Explain the Three Mile Island (USA) disaster
Three Mile Island Nuclear Plant is near Middletown in Pennsylvania, USA.
1979 the reactor core went into meltdown - Only small releases of radioactivity and no deaths or injuries - The reactor was a pressurized water reactor which is a very common design - The primary water coolant water is kept pressurized so that it does not boil - The primary coolant water passes the heat on to a secondary water system which is allowed to boil - the steam driving the turbine to generate electricity
The incident started with a failure of the secondary circuit which prevented heat removal - This caused the reactor to shut down and the pressure in the primary circuit to increase - This triggered the opening of a pressure relief valve which stuck open instead of closing again when the pressure had reduced - The signals on the operating console indicated that the valve had shut - The continued escape of the coolant through the valve allowed the core to overheat.
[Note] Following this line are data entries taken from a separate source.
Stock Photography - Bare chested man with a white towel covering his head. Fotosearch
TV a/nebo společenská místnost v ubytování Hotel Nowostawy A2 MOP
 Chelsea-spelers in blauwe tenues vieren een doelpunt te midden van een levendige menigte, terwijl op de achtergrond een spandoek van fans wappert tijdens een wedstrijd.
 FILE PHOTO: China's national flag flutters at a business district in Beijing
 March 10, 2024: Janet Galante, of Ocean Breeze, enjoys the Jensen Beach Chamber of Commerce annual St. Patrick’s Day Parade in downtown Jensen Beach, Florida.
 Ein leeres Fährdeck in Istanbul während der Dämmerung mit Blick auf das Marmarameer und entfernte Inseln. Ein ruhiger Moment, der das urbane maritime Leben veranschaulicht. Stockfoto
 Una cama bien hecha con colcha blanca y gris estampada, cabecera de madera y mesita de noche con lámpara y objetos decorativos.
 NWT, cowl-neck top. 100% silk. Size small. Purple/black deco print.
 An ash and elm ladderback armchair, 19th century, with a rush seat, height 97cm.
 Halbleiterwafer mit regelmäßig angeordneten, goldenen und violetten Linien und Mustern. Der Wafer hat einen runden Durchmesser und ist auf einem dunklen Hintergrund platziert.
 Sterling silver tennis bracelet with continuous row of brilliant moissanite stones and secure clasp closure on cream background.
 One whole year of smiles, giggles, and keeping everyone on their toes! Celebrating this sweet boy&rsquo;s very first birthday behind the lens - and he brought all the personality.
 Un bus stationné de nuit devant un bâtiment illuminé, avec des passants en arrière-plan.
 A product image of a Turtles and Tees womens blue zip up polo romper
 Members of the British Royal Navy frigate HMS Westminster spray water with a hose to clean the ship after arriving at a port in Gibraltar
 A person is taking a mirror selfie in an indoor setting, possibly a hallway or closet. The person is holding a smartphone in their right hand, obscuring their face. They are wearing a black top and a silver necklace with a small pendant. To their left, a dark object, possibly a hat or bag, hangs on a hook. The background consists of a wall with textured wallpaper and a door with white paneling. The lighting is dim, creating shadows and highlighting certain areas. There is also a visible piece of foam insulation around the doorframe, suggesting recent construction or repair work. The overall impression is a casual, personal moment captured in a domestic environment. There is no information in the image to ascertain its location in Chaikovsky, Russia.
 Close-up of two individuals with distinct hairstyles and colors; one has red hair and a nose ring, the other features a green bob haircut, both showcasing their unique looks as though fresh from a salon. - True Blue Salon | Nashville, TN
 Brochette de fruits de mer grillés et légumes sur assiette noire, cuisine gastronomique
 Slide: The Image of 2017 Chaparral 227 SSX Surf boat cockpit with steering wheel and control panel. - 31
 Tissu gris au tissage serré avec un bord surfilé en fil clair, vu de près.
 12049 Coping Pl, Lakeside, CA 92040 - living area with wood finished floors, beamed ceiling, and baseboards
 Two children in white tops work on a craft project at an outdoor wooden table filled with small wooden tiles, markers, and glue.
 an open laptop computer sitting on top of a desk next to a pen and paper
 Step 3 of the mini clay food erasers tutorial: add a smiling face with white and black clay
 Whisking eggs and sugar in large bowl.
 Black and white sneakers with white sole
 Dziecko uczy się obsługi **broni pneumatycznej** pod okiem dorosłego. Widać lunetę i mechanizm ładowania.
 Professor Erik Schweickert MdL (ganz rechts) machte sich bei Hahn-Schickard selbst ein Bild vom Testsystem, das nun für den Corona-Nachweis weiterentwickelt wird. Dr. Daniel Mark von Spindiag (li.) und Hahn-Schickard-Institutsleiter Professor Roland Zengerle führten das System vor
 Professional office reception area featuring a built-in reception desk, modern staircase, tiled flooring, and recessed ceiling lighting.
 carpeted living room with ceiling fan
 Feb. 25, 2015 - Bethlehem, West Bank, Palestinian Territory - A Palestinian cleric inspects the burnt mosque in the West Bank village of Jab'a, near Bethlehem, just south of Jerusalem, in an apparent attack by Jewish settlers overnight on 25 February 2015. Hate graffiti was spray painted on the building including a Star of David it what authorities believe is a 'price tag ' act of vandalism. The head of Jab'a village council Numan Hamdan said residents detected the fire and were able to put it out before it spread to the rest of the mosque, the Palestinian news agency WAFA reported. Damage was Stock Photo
Along with this was the confusing instrumentation available to operators - there was no coolant level indicator - instead it was inferred from levels elsewhere in the system which levels had raised by bubbles of steam - Alarms began to sound but at that point the nature of the unfolding incident was not recognised as a loss of coolant incident - Immediate actions included reducing the coolant flow in the core which made things worse - If they had done nothing, the plant would have cooled down on its own, instead the core continued to overheat and the fuel began to melt.